This is a sweet and thought-provoking article from a man who took his wife’s last name:
I appreciate this man’s stance toward making the personal political, and yet remaining true to what he simply wanted: marking the creation of his new family.
J and I were filling out our marriage license tonight (we’re getting closer! we got our prenup notarized today, too!) and trying to decide what we want to do with our names.
I have been sure that I would keep my last name- it’s too good to erase. And I am also adamant that I am not being transferred as property from my father to my husband. But what about taking J’s last name as a middle name? I already have two (one that my parents gave me as a “regular” middle name, the other that my mom wanted to give both my sister and I as a second middle name to commemorate her side of the family. It’s not technically her maiden name, as her stepfather had adopted her when she was young, but is her original last name), and I don’t want three middle names. Do I give up one of my middle names? Which one? I love my first middle name; it’s become a nickname of mine. I also appreciate my second name as it has preserved my mom’s narrative of her strength and perseverance of getting through a tough childhood.
J and I could create a hyphenated last name. But that gets long and arduous for ourselves and others. And like the author in the article, we don’t want to create a law firm. We want to simply mark the creation of our family.

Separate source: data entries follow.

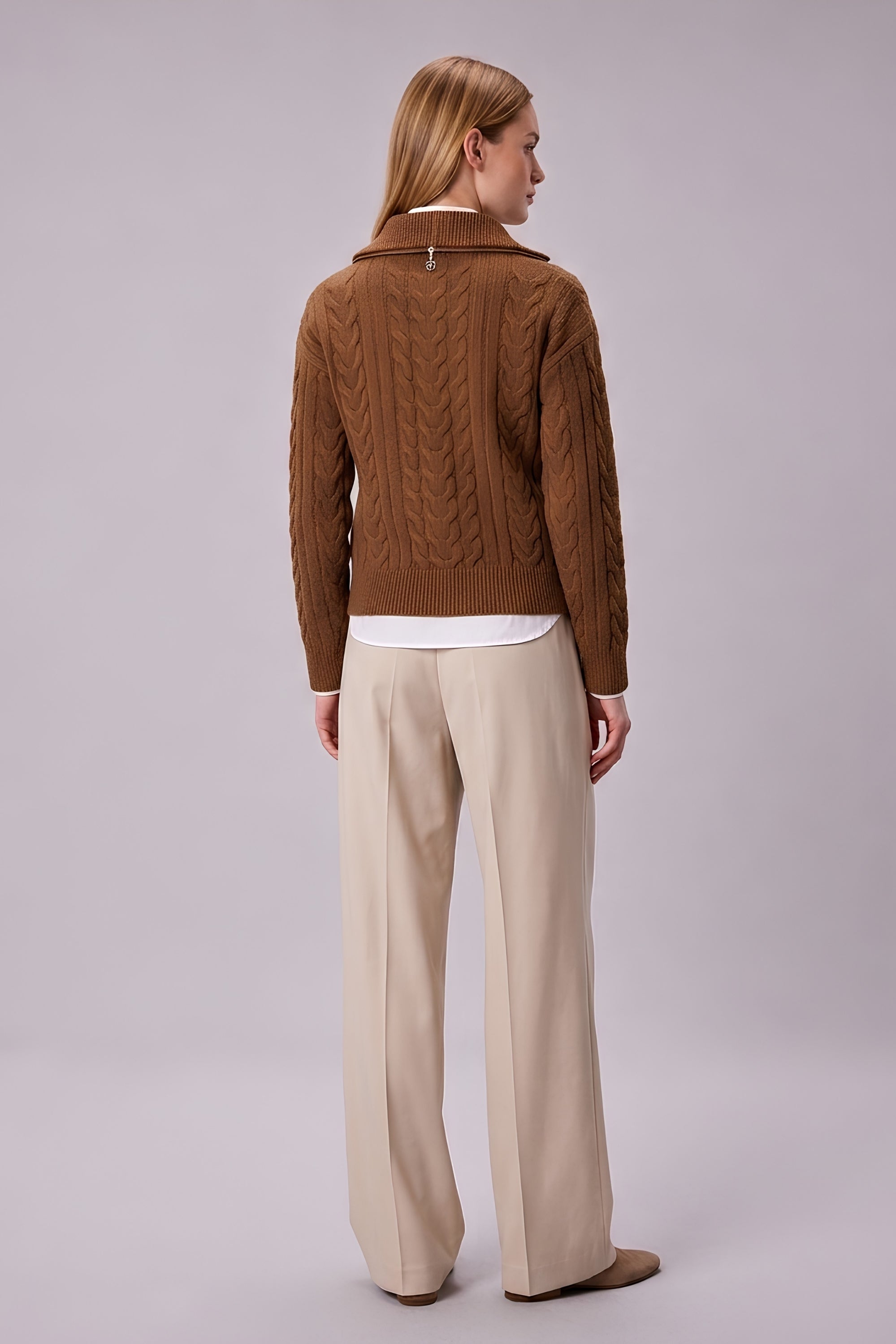 Women’s Cable Knit Half-Zip 80% Wool-Rich Sweater in Beautiful Jewel Tones Perfect for Fall & Winter
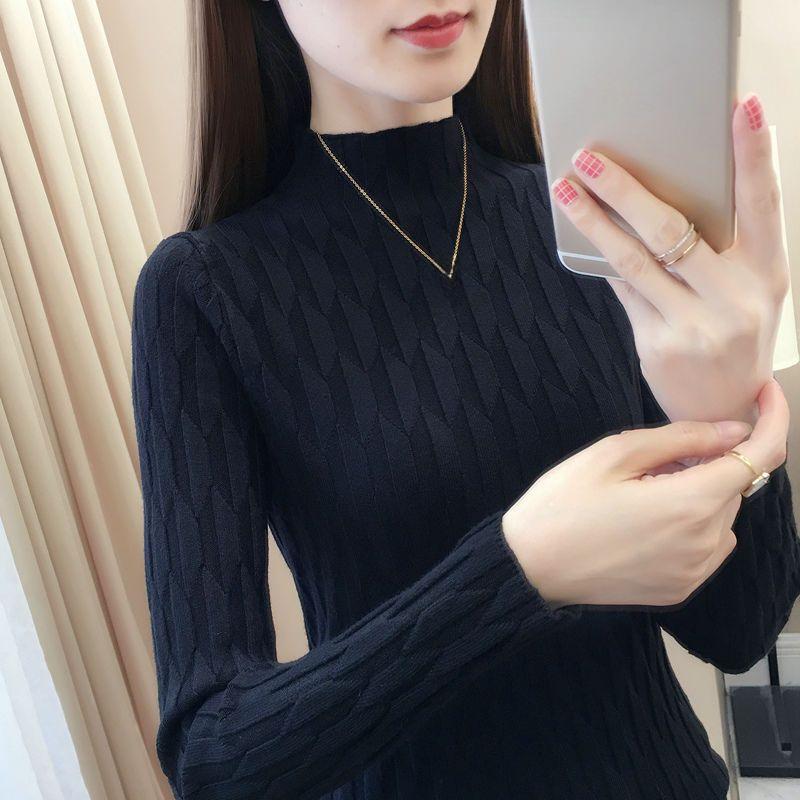 Women's Semi-high Collar Sweater Base Shirt Autumn and Winter Slim Stylish Inner-matching Knitted Shirt Versatile Pullover Long-sleeved Shirt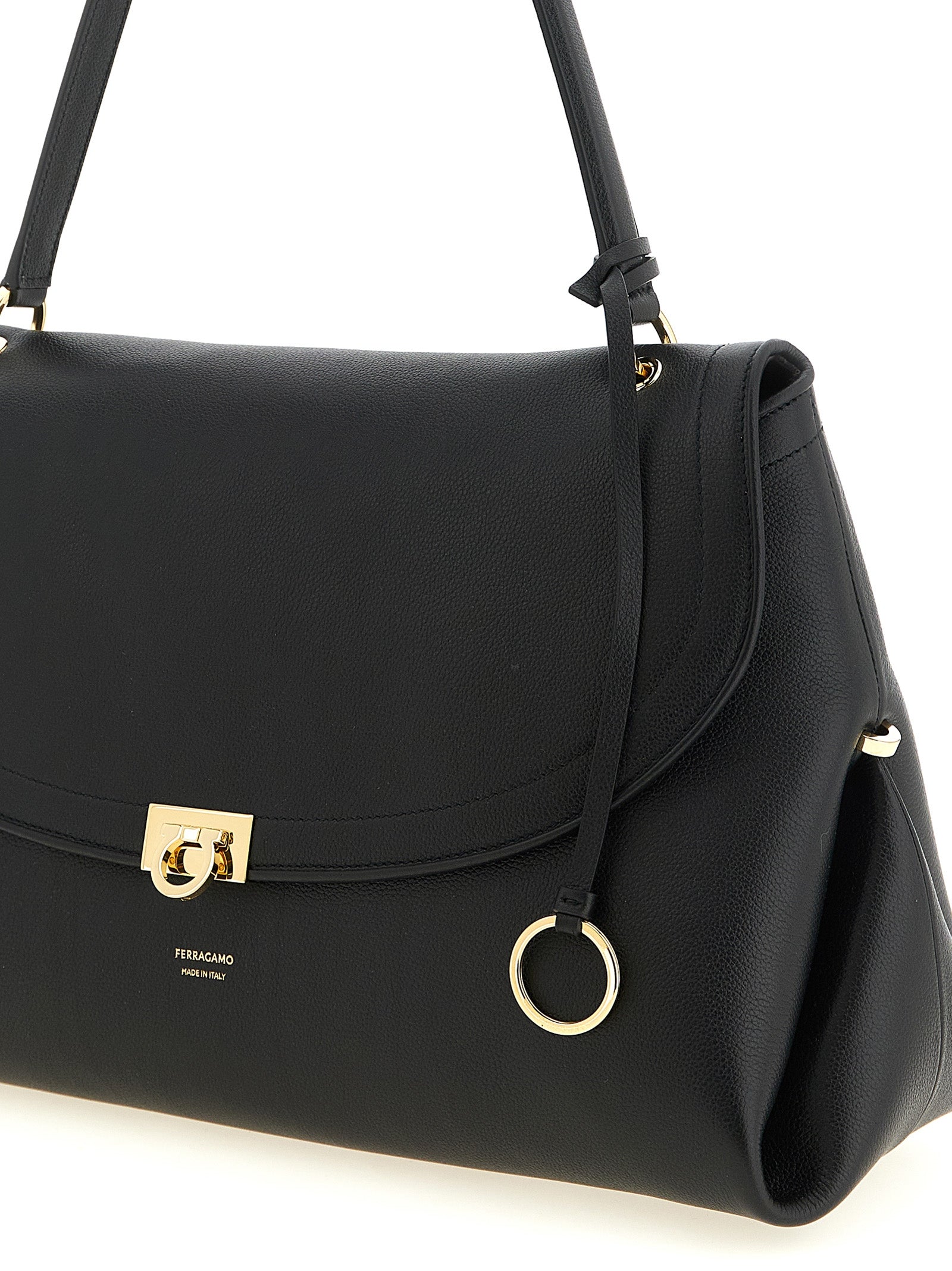 Ferragamo Schwarze Kalbsleder-Schultertasche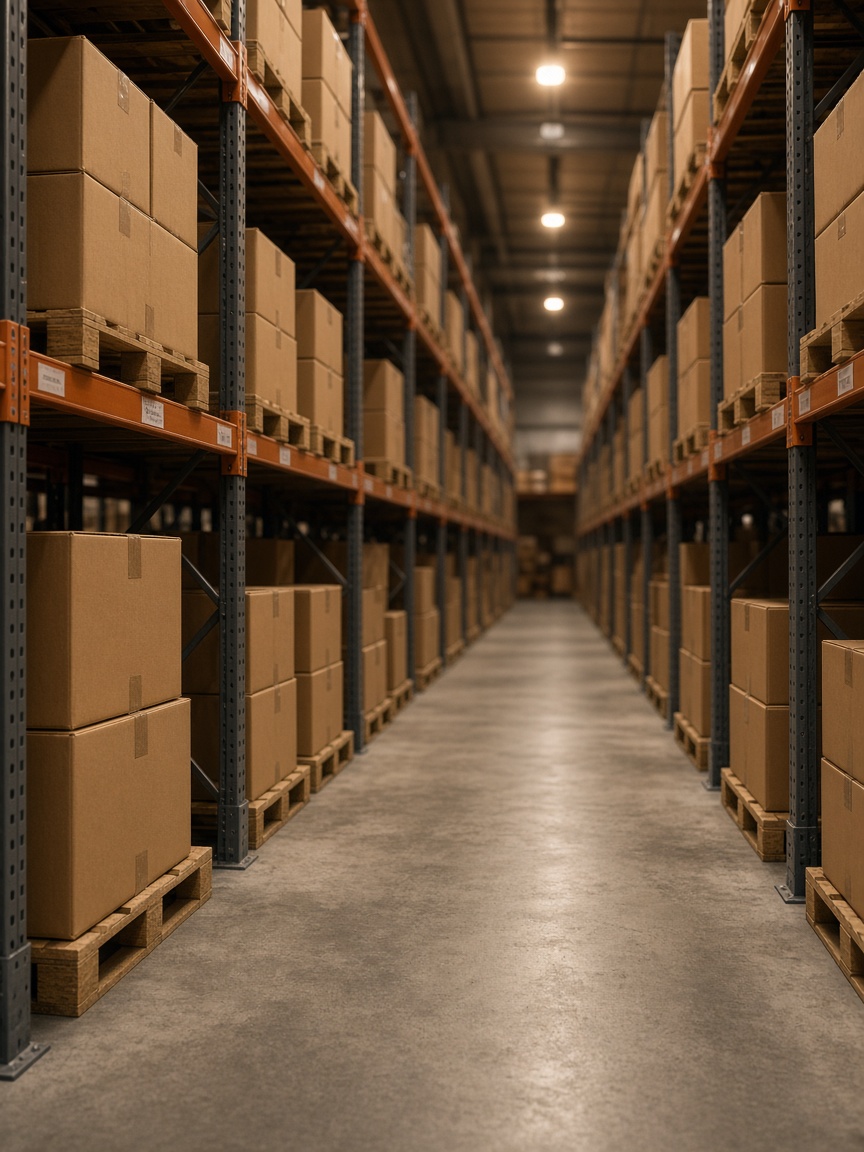 A carton aisle in a warehouse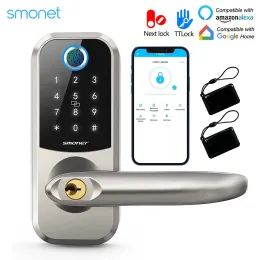 Kontrolle SMONET Hornbill Elektronische Smart -Tür -Schloss Biometrische Fingerabdruck Schlüssellose vordere Halbholzschlösser WiFi Fernbedienung Home IC IC -Karte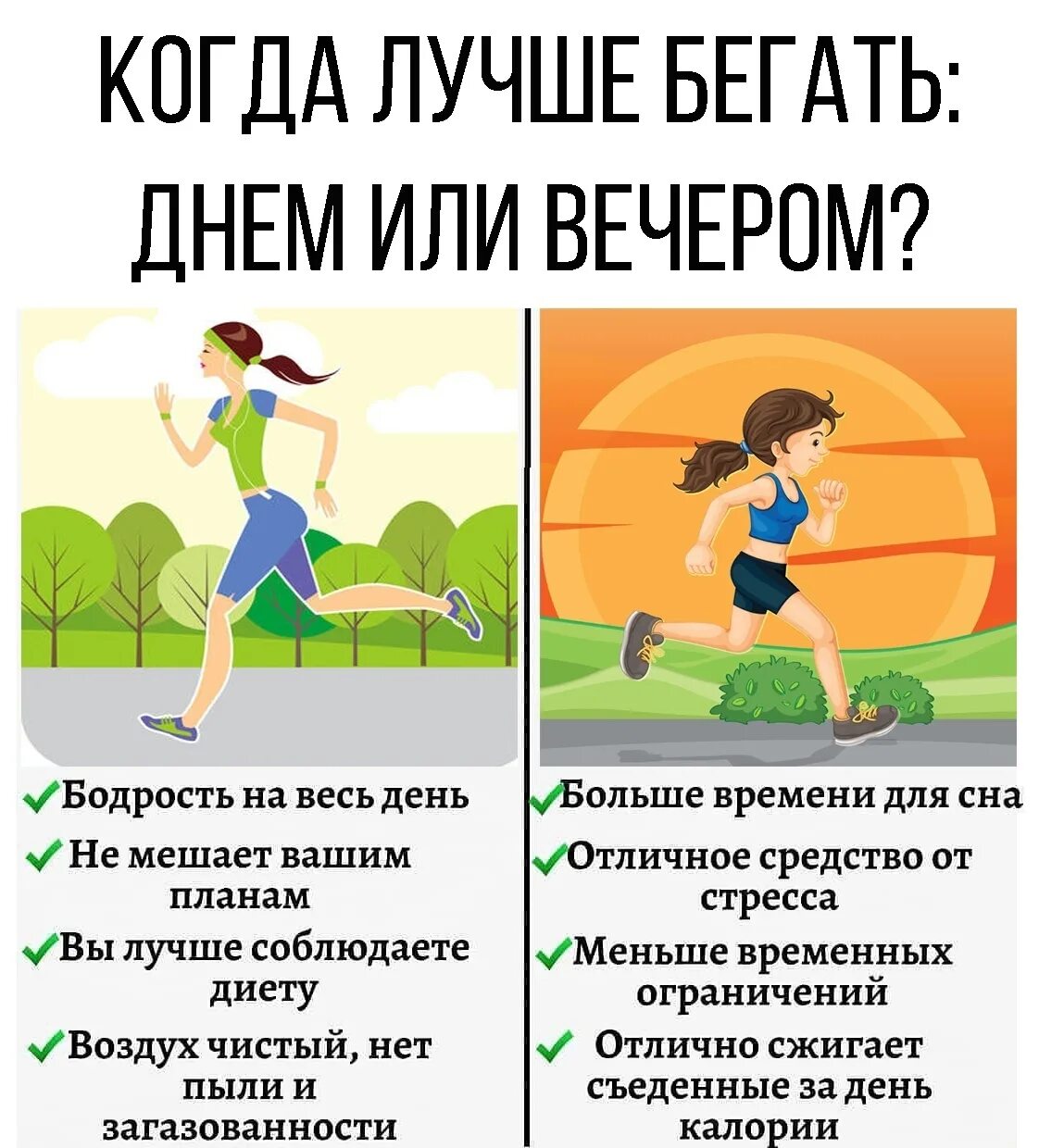 Бегать лучше утром или вечером для похудения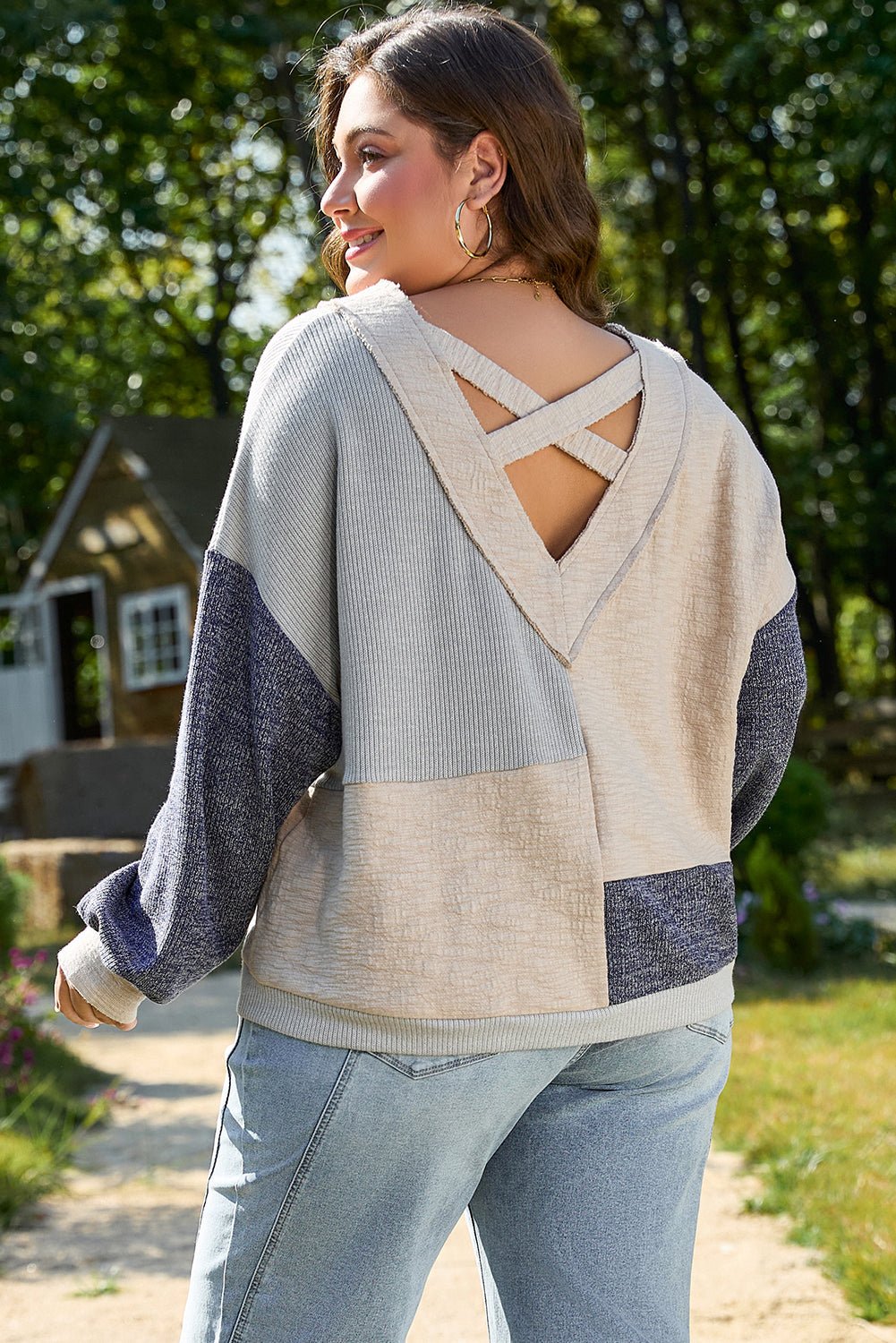Plus Size Textured Patchwork Long Sleeve V-Neck Top - Rooted & Reckless Co.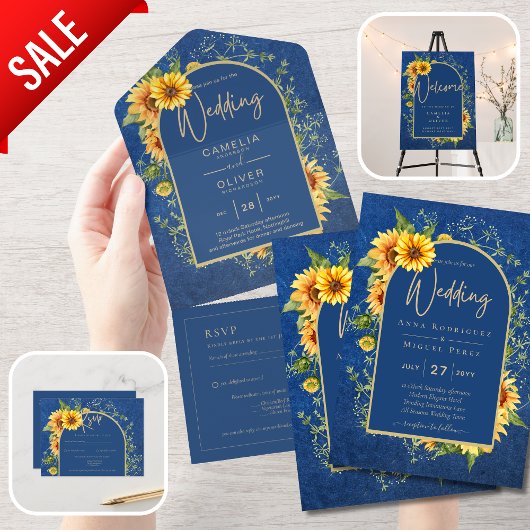 BUDGET All-in-1 Rustic Sunflower BLUE Wedding Briefkaart
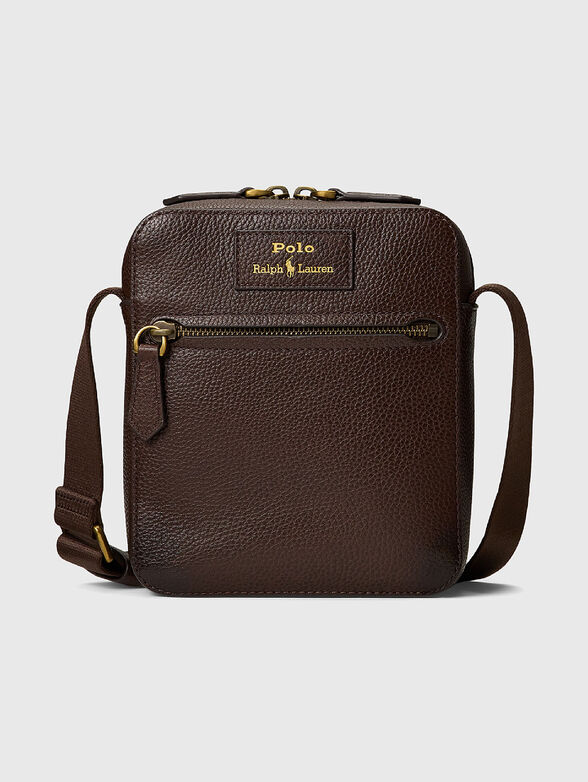 Leather crossbody bag with logo - 1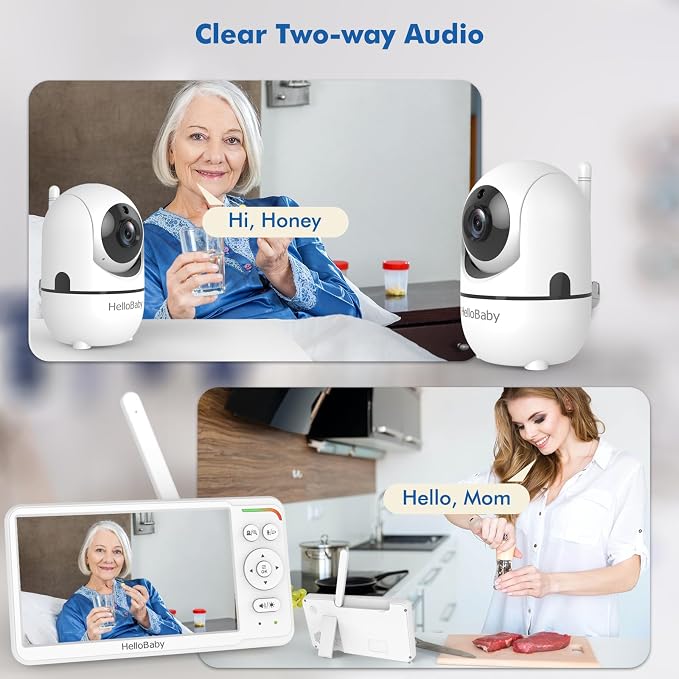 HelloBaby 6'' No WiFi Video Baby Monitor with Camera Audio, 30H Battery | World's First 6" IPS Screen, Private No-WiFi, Pan Tilt Zoom, Night Vision, 1000ft, Easy Setup, 2-Way Talk, VOX, Portable, Mom - Image 8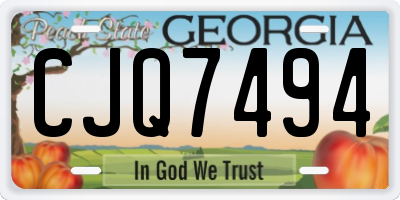 GA license plate CJQ7494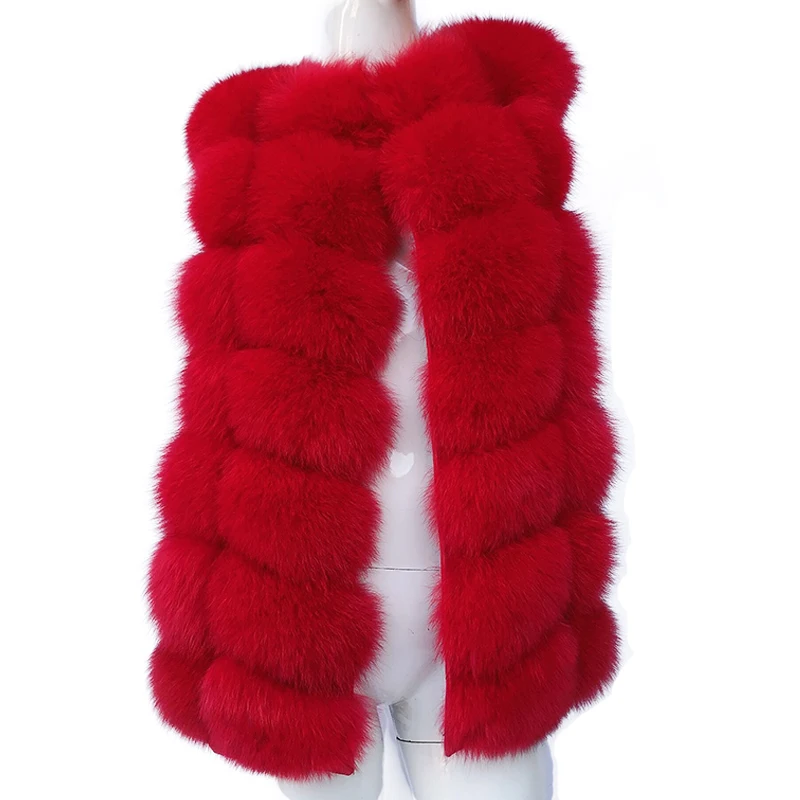 Natural Fox Fur Vest women high quality fashion Coat female Leather Coats fluffy Vest Waistcoat Long Jacket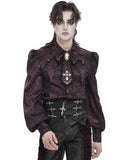 Devil Fashion Mens Gothic Aristocrat Jacquard Cravat Batwing Collar Dress Shirt - Red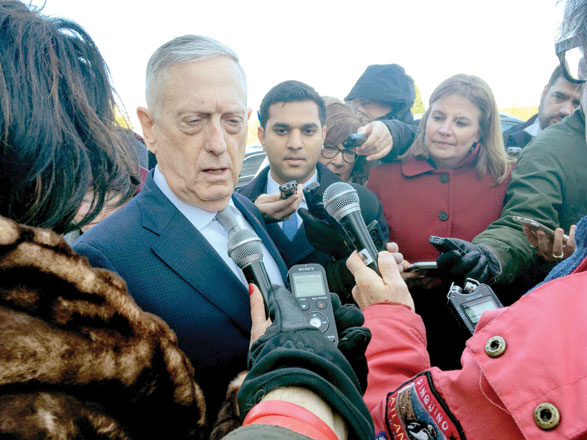 US Defence Secretary Jim Mattis speaks to reporters outside the Pentagon in Washington, DC, on Wednesday (AFP photo)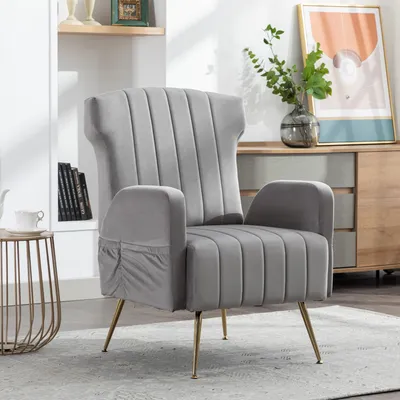 Produktbild von MODFU Armlehnstühle Relaxsessel，Posterstuhl Esszimmerstühle,Loungesessel  Samt  Mit Metallbeinen Grau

It’s not an automatic option to take one another’s last names as a middle name, but it sounds like it is an option; it simply needs to be approved by court before our names are official. But we are considering it. So I could drop my second middle name and adopt J’s last name as my second middle name. He could drop his middle name and take my last name as his middle name.
Slightly complicated, and expensive to do. Changing our names would require trips to the DMV. And money.
It feels worth it, but also a little annoying.